OpenClaw Boosts ClawHub Security with VirusTotal Integration to Combat Malicious Skills

OpenClaw Enhances Security by Integrating VirusTotal Scanning for ClawHub Skills

OpenClaw, previously known as Moltbot and Clawdbot, has announced a strategic partnership with Google’s VirusTotal to bolster the security of its ClawHub skill marketplace. This collaboration aims to proactively identify and mitigate potential threats by scanning all skills uploaded to ClawHub using VirusTotal’s advanced threat intelligence, including their innovative Code Insight capability.

Peter Steinberger, OpenClaw’s founder, along with Jamieson O’Reilly and Bernardo Quintero, emphasized the significance of this integration:

All skills published to ClawHub are now scanned using VirusTotal’s threat intelligence, including their new Code Insight capability. This provides an additional layer of security for the OpenClaw community.

How the Integration Works

Each skill uploaded to ClawHub undergoes a meticulous security assessment:

1. Hash Generation and Database Cross-Check: A unique SHA-256 hash is created for every skill, which is then cross-referenced against VirusTotal’s extensive database to detect any known threats.

2. Comprehensive Analysis: If the skill’s hash isn’t found in the database, the entire skill bundle is uploaded to VirusTotal for an in-depth analysis using their Code Insight feature.

3. Automated Approval System: Skills deemed benign by Code Insight are automatically approved for ClawHub. Those flagged as suspicious receive a warning, while any skill identified as malicious is blocked from download.

4. Continuous Monitoring: To address the evolving nature of cyber threats, all active skills are re-scanned daily. This ensures that any skill, which may have been clean initially but later becomes malicious, is promptly identified and addressed.

Acknowledging Limitations

While this integration significantly enhances security, OpenClaw maintainers caution that VirusTotal scanning isn’t a panacea. There’s a possibility that some malicious skills, especially those employing sophisticated prompt injection payloads, might evade detection.

Additional Security Measures

Beyond the VirusTotal partnership, OpenClaw is committed to a comprehensive security strategy:

– Threat Modeling: Publishing a detailed threat model to understand and mitigate potential vulnerabilities.

– Security Roadmap: Developing a public security roadmap to outline future security enhancements.

– Formal Reporting Process: Establishing a clear process for reporting security issues.

– Codebase Audit: Conducting a thorough security audit of the entire codebase to identify and rectify vulnerabilities.

Contextual Background

This development follows reports uncovering hundreds of malicious skills on ClawHub.
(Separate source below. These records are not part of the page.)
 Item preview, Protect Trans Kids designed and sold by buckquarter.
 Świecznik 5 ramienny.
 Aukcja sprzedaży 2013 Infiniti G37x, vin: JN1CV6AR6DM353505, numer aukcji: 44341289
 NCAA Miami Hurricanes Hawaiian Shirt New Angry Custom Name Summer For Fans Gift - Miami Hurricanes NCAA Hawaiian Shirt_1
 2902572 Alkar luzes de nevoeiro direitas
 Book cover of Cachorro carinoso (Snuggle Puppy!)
These skills often masquerade as legitimate tools but contain hidden functionalities designed to exfiltrate data, inject backdoors for remote access, or install stealer malware.

Cisco highlighted the risks associated with AI agents like OpenClaw:

AI agents with system access can become covert data-leak channels that bypass traditional data loss prevention, proxies, and endpoint monitoring. Models can also become an execution orchestrator, wherein the prompt itself becomes the instruction and is difficult to catch using traditional security tooling.
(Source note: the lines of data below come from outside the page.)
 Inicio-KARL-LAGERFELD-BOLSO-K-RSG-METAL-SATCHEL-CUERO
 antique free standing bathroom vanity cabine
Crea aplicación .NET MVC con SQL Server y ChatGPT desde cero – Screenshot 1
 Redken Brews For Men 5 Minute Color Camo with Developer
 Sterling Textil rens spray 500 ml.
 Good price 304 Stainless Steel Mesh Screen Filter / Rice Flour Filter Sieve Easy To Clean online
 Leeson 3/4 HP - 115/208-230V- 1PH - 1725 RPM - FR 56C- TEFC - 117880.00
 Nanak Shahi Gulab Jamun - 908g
The Rise of OpenClaw and Associated Risks

OpenClaw has rapidly gained popularity as an open-source agentic AI assistant. Its adjacent social network, Moltbook, allows autonomous AI agents to interact in a Reddit-style platform. While OpenClaw serves as an automation engine capable of triggering workflows, interacting with online services, and operating across devices, its extensive access to tools and data from untrusted sources introduces significant risks, including malware and prompt injection.

The convenience of these integrations broadens the attack surface, potentially turning the agent into an agentic trojan horse for data exfiltration and other malicious activities. Backslash Security aptly described OpenClaw as an AI With Hands.

OpenClaw acknowledges the potential for abuse:

Unlike traditional software that does exactly what code tells it to do, AI agents interpret natural language and make decisions about actions. They blur the boundary between user intent and machine execution. They can be manipulated through language itself.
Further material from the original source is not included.